12. Multiple Linear Regression
Contributed by Jason Naramore.
Multiple linear regression is really an extension of simple linear regression when there are multiple predictors \( x_1, x_2, \ldots, x_k \).
\[\begin{split}
\begin{align*}
y_i & = \beta_0 + \beta_1 x_{i1} + \beta_2 x_{i2} + \ldots + \beta_k x_{ik} + \epsilon_i, \quad i = 1 , \ldots , n \\
\epsilon_i & \overset{iid}{\sim} N (0,\sigma^2)
\end{align*}
\end{split}\]
The compact representation can be written as follows, using matrix form.
\[\begin{split}
\mathbf{y} =
\begin{bmatrix}
y_1 \\
\vdots \\
y_n
\end{bmatrix}_{n \times 1}
\quad
\mathbf{X} = \begin{bmatrix}
1 & X_{11} & \dots & X_{1k} \\
1 & X_{21} & \dots & X_{2k} \\
\vdots & \vdots & \ddots & \vdots \\
1 & X_{n1} & \dots & X_{nk}
\end{bmatrix}_{n \times p}
\quad
\boldsymbol{\beta} =
\begin{bmatrix}
\beta_0 \\
\vdots \\
\beta_k
\end{bmatrix}_{p \times 1}
\quad
\boldsymbol{\epsilon} =
\begin{bmatrix}
\epsilon_1 \\
\vdots \\
\epsilon_n
\end{bmatrix}_{n \times 1}
\end{split}\]
\[
\mathbf{y} = \mathbf{X} \boldsymbol{\beta} + \boldsymbol{\epsilon}
\]
There’s an elegant closed-form solution for finding the \( \hat{\boldsymbol{\beta}} \) estimates in classical statistics:
\[
\hat{\boldsymbol{\beta}} = (\mathbf{X}^T \mathbf{X})^{-1} \mathbf{X}^T \mathbf{y}
\]
The estimates \( \hat{\mathbf{y}} \) can then be found by \( \hat{\mathbf{y}} = \mathbf{X} \hat{\boldsymbol{\beta}} \).

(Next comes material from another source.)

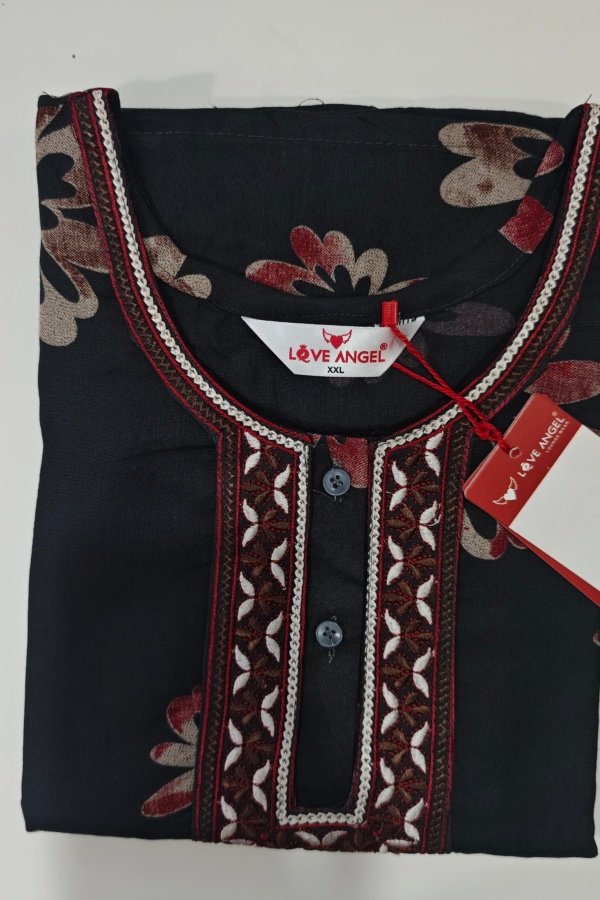 Alpine nighties XXL XXL Black #002791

In the Bayesian form of multiple linear regression, we place priors on all \( \beta \)‘s and \( \sigma^2 \).
\[\begin{split}
\begin{align*}
y_{ij} & \sim N(\mu,\sigma^2) && \text{likelihood} \\
\mu & = \beta_0 + \beta_1 x && \text{deterministic relationship} \\
\beta_j & \sim N(0,\sigma_j^2) && \text{prior: } \beta_j, \space j = 0 \text{ to } k \\
\tau & \sim Ga(a,b) && \text{prior: } \tau \\
\sigma^2 & = 1/\tau && \text{deterministic relationship}
\end{align*}
\end{split}\]
We typically assume that the \( \beta \)‘s are independent. For non-informative priors, we might set \( \sigma_j^2 \) to something large, like \( 10^3 \) or \( 10^4 \), and the \( a \) and \( b \) parameters in \( \tau \)‘s Gamma distribution to something small, like \( 10^{-3} \).
An example using independent Normal priors on \( \beta \)‘s can be found here: Taste of Cheese.
Other methods for defining priors, such as Zellner’s prior, may help to account for covariance between predictors.
\[\begin{split}
\begin{align*}
\boldsymbol{\beta} & \sim MVN(\mu,g \cdot \sigma^2 \mathbf{V}) && \text{prior: } \boldsymbol{\beta} \\
\sigma^2 & \sim IG(a,b) && \text{prior: } \sigma^2
\end{align*}
\end{split}\]
\[
\text{typical choices: } g = n, \quad g = p^2, \quad g = \max\{n,p^2\}
\]
where \( \sigma^2 \mathbf{V} \) is the covariance matrix. An example using Zellner’s prior can be found here: Brozek Index Prediction.